A projector manager is only needed if the group will be projecting slides or videos. The projector manager simply uncovers and covers the projector when the projector is needed and not needed. Depending on the location and setup of the projector, the projector manager can be one of the other tech people.
Backstage stage managers are stage managers backstage who communicate with the lights and sound tech so they know when the dancers are ready to start the next piece.
Costuming is typically done by the group themselves. Videography and photography may also be needed, depending on the group's preference.
Theatre and Musical
In general, theatre and musical shows require a wide variety of tech: lights, sound, set, costumes, props, makeup, hair, fight coordination, master carpentry, stage management, and more.
Lights typically involves creating a realistic lighting condition on the stage, as the stage would look like if the show were a reality (though some shows will require more imaginative and unrealistic lighting).
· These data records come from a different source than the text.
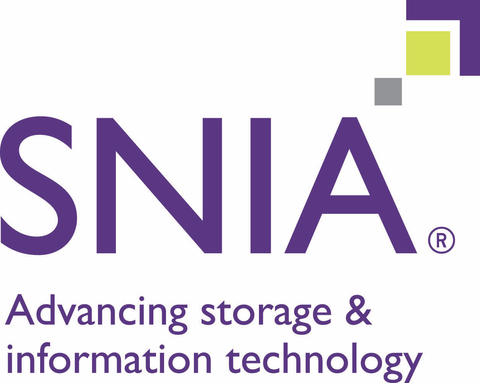 Storage Networking Industry Association Logo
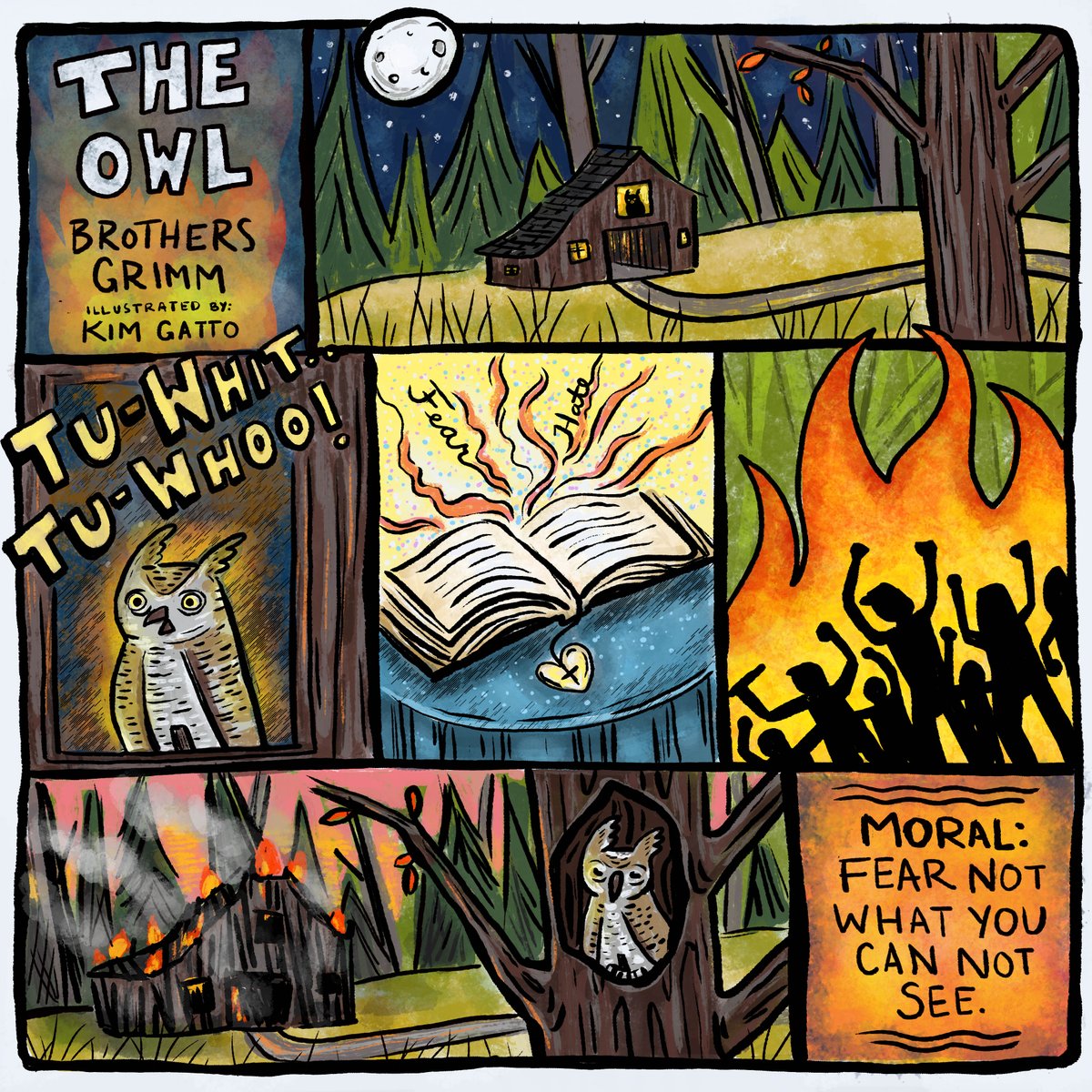 Kim Gatto tweet media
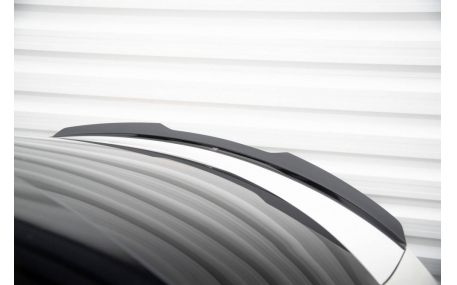 Спойлер Mercedes GLE-class Coupe C292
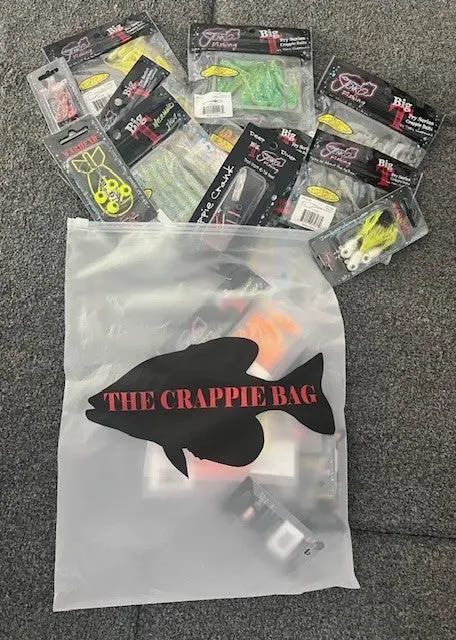 Jenko Crappie Catch Bag 1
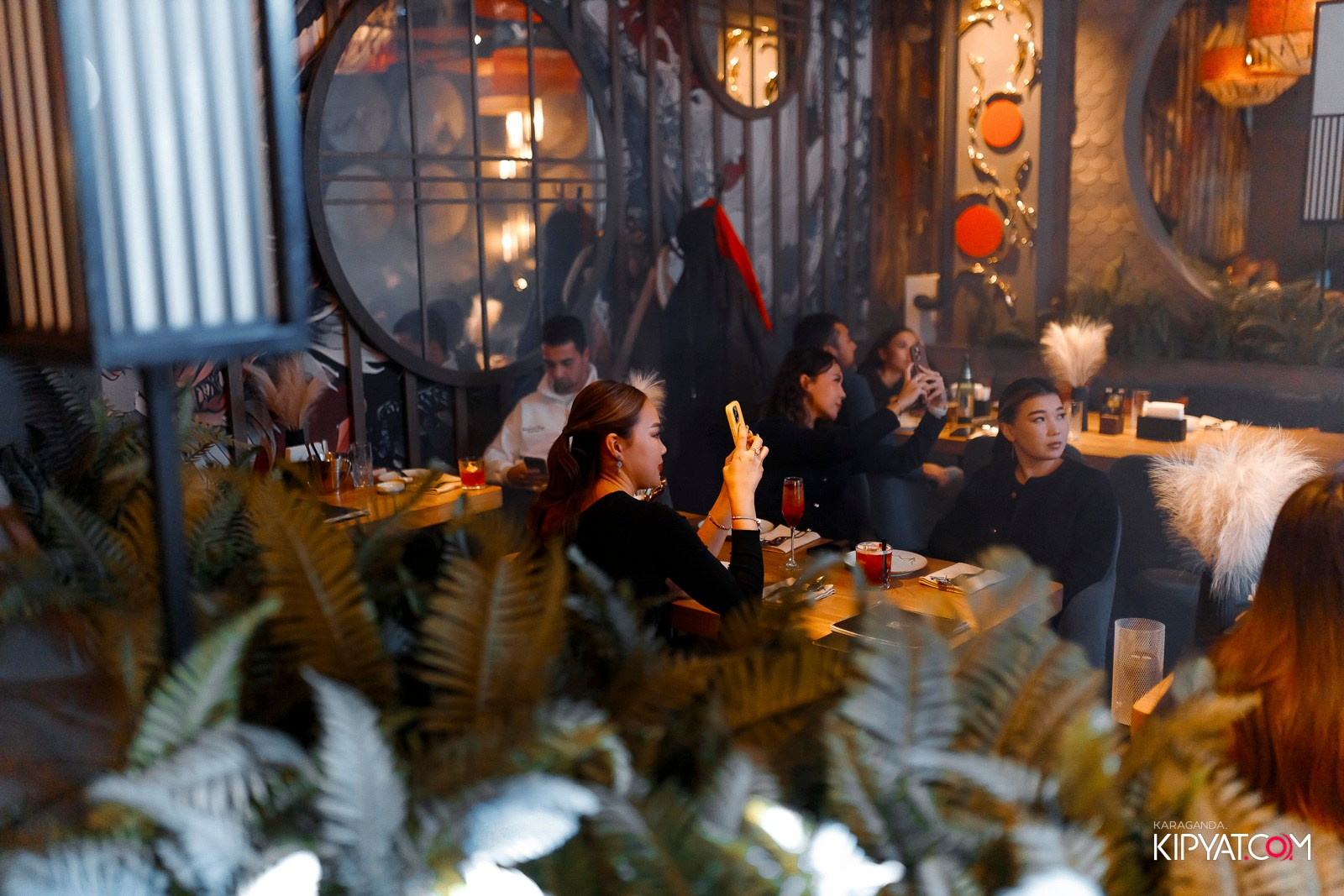 Bao Noodles & Sushi Bar. Кипятком Караганда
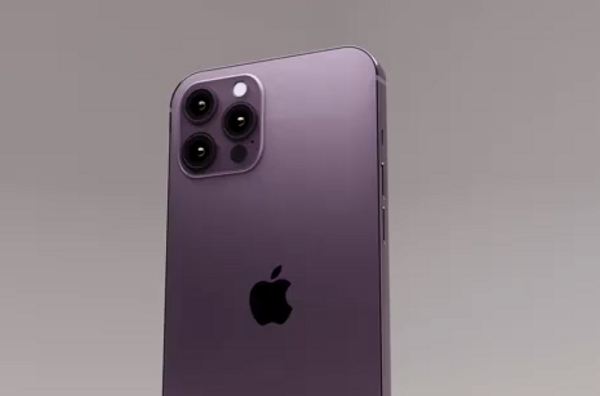 iPhone 14 Pro concept đã loại bỏ thiết kế tai thỏ vốn đi theo từ thời iPhone X mà thay thành hình viên thuốc, chứa các cụm cảm biến và một camera trước hình tròn.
The lights tech will coordinate with the director and the stage manager to create light cues.
Sound involves mic-ing the entire cast, or the most important parts of the cast. The sound tech will need to make sure all mics are working, ensure there is no feedback, and balance/EQ the cast. Some shows will also require certain sound cues, or sounds that are played from the computer. The sound designer will coordinate with the director and the stage manager to find appropriate sound cues.
Sets can range anywhere from a few set pieces to large, elaborate platforms and flats. Making a set typically involves two types of tech: the set designer and the master carpenter. The set designer will coordinate with the rest of the design staff and the director to design a set. The master carpenter will then coordinate with the set designer to actually build, paint, and finish the set.
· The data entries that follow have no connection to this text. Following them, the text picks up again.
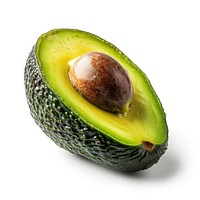 Gfresh avocado fruit plant food. AI generated Image by rawpixel.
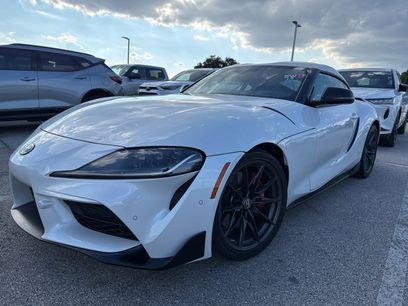 Used 2025 Toyota Supra Premium w/ Driver Assist Package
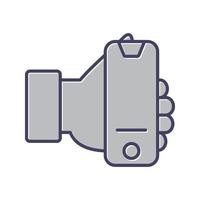 Selfie Vector Icon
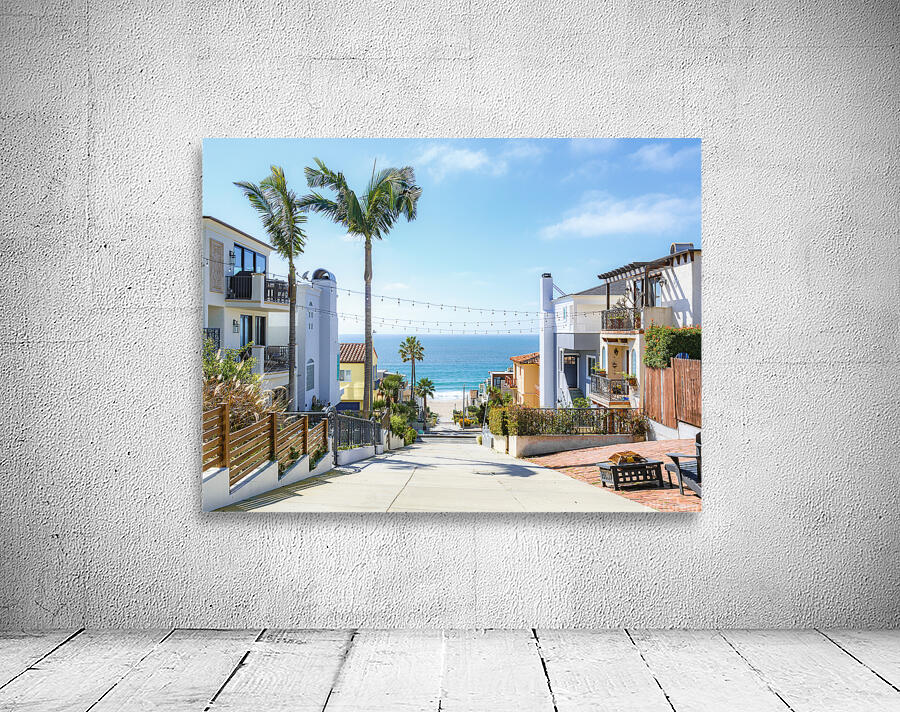 Ocean Street Wall Preview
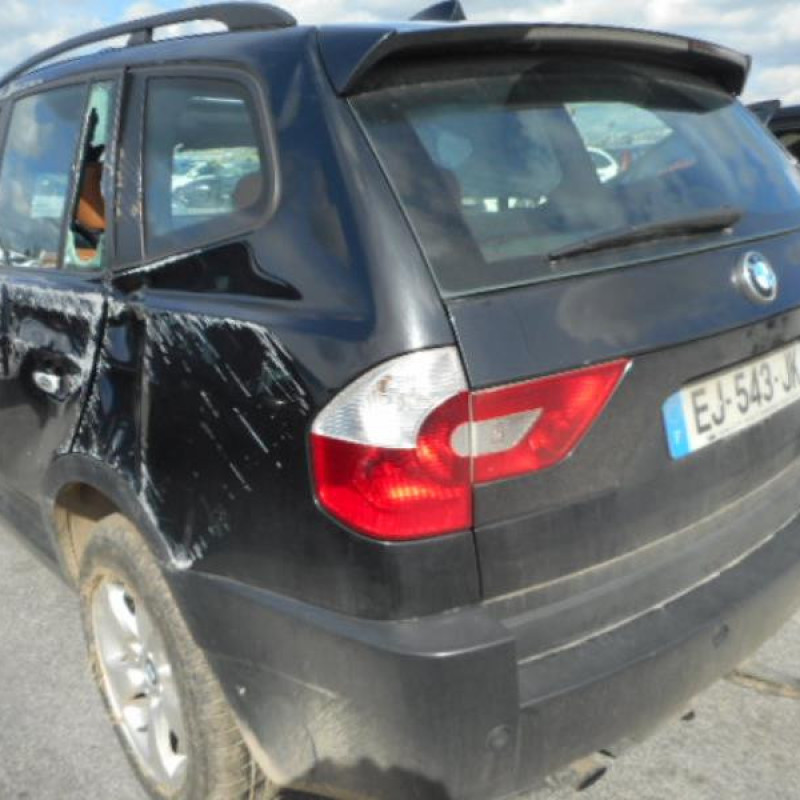 Ceinture arriere gauche BMW X3 E83 Photo n°7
Costumes involves costuming the entire cast. This often entails visiting the PAC Shop to see what is available, and then outsourcing from all of cast and crew. Anything that cannot be acquired for free is then either made from scratch or purchased.
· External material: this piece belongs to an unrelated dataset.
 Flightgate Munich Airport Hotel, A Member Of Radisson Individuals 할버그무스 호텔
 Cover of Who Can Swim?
Props involves finding all of the props needed for the show. This can mean both rehearsal props and the final stage props. Finding props often entails visiting the PAC Shop to see what is available, and then outsourcing from all of cast and crew. Anything that cannot be acquired for free is then either made from scratch or purchased.
Makeup and hair is essentially that. These techs are in charge of doing the makeup and hair for all cast members. Sometimes the show does not require any makeup or hair. Other times, the makeup and hair can be extremely elaborate.
Fight coordinators teach cast members the fight scenes and make sure that all fight scenes are performed in a safe and controlled manner. Fight coordinators tend to require a license and can be hired externally. Contact the Technical Supervisor
for more help with fight coordination.
Stage management is one of the most important roles in a theatrical production. The stage manager sits in on all the rehearsals to assist the director, recording down blocking and staging notes, script changes, and more. During the show, the stage manager calls the show, directing the lights and sound tech when they should be playing the next cue.
If you are producing a show that does not fall under one of the above categories and need help with tech, please contact your subcommittee chair.
The PAC Community hosts an annual tech training, typically at the beginning of the Fall semester. Further, the PAC Shop staff are also fantastic resources for tech-related issues and training. When working in the performance space, there should be either an Annenberg or PQ tech present to assist your group.
Below are guides on using the lights and sound boards present in most of the performance spaces. For help on the design process, pleae refer to the TACe Handbook, or contact the PAC Shop. For further assistance with tech, please contact PAC-Exec.
Using the Lights Board
The lights boards at Iron Gate Theater, Houston Hall Class of '49, and Prince Theater in Annenberg are all ETC Element lights boards.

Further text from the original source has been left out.